The real Jane Shore

‘Thou rascal beadle, hold thy bloody hand

Why dost thou lash that whore?  Strip thy own back

Thou hotly lusts to use her in that kind

For which thou whip’st her’ (Shakespeare 1159)

Elizabeth “Jane” Shore {1445-1527}, who was a long-term mistress of King Edward IV, is certainly an interesting historical figure.  After his death, she and her new paramour Baron William Hastings, fell foul of the new administration under his brother Richard III.  She has been somewhat vilified by Shakespeare.  He shows towards her a misogyny which is quite uncharacteristic of the Bard, with his large cast of strong, powerful heroines.

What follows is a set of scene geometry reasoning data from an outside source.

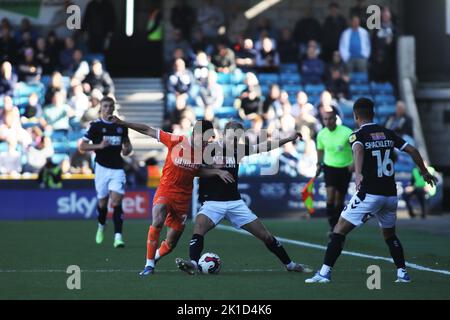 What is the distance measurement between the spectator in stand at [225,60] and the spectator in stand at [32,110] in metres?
5.00

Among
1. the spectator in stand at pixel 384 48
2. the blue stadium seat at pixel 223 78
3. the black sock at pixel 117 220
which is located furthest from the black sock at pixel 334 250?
the spectator in stand at pixel 384 48

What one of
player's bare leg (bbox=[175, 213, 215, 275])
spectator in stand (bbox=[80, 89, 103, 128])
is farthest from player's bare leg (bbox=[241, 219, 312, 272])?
spectator in stand (bbox=[80, 89, 103, 128])

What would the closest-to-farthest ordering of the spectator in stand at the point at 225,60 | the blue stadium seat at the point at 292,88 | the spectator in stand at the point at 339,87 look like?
the spectator in stand at the point at 225,60 → the spectator in stand at the point at 339,87 → the blue stadium seat at the point at 292,88

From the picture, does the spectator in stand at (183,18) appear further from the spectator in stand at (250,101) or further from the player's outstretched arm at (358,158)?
the player's outstretched arm at (358,158)

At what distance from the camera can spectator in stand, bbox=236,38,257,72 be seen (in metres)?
32.1

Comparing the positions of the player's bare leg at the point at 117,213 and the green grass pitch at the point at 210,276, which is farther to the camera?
the player's bare leg at the point at 117,213

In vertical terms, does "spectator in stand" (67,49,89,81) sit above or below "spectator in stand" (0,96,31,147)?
above

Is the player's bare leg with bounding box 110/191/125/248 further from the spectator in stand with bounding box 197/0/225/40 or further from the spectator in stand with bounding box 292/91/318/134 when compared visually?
the spectator in stand with bounding box 197/0/225/40

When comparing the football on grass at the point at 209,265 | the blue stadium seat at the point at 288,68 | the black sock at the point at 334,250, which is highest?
the blue stadium seat at the point at 288,68

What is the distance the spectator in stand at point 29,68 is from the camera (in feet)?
103

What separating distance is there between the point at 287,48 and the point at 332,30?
1.35m

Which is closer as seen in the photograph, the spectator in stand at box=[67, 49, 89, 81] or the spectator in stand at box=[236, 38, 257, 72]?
the spectator in stand at box=[67, 49, 89, 81]

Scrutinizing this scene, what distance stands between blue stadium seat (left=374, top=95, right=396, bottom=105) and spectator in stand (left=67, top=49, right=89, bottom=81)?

He first praises her, as part of Richard’s famous ‘we speak no treason’ speech, gossiping about the king and queen.  He says of his brother’s mistress:

‘We say that Shore’s wife hath a pretty foot,

A cherry lip, a bonny eye, a passing pleasing tongue’ (Shakespeare 746)

Shakespeare then begins to sound like a medieval morality play, with the words he puts in Richard’s mouth next.  Good to know that it was a family show down at the Globe.

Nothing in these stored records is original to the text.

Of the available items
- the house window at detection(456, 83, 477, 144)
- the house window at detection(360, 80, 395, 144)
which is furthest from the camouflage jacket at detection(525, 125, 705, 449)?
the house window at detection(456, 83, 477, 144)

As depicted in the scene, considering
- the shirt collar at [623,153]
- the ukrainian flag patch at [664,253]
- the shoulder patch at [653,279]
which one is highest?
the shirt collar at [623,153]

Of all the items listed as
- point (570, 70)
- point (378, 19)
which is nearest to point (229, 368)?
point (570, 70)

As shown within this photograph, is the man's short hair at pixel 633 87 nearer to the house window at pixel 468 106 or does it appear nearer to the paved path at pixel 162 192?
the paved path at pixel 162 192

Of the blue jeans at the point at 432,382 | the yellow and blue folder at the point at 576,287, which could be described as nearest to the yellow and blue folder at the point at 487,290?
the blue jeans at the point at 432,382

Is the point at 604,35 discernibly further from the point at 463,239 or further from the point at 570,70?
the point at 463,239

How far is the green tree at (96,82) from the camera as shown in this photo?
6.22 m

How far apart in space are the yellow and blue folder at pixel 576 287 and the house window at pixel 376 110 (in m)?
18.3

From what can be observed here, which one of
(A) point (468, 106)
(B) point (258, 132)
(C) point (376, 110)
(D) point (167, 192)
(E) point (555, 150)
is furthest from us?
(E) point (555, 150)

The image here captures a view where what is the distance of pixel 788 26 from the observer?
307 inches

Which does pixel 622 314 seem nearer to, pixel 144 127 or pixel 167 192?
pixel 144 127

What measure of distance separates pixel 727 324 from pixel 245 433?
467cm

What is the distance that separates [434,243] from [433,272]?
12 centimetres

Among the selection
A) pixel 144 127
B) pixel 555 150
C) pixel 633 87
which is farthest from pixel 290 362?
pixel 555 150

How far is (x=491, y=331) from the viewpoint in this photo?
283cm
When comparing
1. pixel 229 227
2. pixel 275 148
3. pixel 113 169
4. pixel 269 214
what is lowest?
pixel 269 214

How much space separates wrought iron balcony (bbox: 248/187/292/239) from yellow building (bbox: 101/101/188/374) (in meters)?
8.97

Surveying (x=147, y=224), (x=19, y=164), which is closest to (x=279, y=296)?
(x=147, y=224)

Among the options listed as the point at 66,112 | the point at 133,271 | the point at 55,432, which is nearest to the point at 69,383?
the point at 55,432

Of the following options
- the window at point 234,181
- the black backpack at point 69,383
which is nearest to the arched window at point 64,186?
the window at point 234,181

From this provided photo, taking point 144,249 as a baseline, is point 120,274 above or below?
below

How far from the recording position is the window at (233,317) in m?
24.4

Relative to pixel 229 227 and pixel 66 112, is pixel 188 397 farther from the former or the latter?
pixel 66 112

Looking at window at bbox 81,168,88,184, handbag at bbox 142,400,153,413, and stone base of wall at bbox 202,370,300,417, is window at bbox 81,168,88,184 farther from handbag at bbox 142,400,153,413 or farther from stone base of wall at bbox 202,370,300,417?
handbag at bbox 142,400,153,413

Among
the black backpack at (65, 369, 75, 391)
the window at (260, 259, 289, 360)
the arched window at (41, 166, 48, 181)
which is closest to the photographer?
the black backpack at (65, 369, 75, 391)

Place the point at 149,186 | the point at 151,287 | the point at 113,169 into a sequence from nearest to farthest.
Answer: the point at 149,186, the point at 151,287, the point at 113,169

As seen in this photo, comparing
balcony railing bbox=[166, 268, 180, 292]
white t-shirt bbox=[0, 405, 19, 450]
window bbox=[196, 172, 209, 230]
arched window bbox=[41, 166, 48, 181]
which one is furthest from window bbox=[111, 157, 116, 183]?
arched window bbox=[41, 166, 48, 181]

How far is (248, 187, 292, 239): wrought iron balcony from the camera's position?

GLOUCESTER: ‘Nought to do with Mistress Shore!

I tell thee, fellow,

He that doth naught with her, excepting one

Were best to do it secretly alone’.

BRAKENBURY: ‘What one, my lord?’

GLOUCESTER: ‘Her husband, knave!  Wouldst thou betray me?’ {Shakespeare 746}

The next scene where Jane Shore is mentioned, is the highly dramatic one where Richard, now consolidating his hold on the kingdom, accuses his rivals the queen, Jane, and her lover Lord Hastings of plotting against him.   They are accused of witchcraft, which was then a serious capital crime, as was his other accusation of being traitors.

GLOUCESTER: ‘Then be your eyes the witness of their evil

Look how I am bewitch’d, behold, mine arm

Is like a blasted sapling wither’d up

And this is Edward’s wife, the monstrous witch,

Consorted with that harlot strumpet Shore,

That by their witchcraft they have mark’d me

HASTINGS: ‘If they have done this deed, my noble lord – ‘

GLOUCESTER:  ‘If? – thous protector of this damned strumpet,

Talk’st thou to me of ifs?  Thou art a traitor

Off with his head!  Now by Saint Paul I swear

I will not dine until I see the same.’ (Shakespeare 768)

Here Jane is accused of the whole trifecta of slurs against women: a witch, a harlot, and, by the way her involvement with Hastings has brought about his death, also a femme fatale.  She is also accused of collaborating with Queen Elizabeth, who was something of a harem rival to the King’s mistress.  It seems like every misogynist calumny has been thrown at her here.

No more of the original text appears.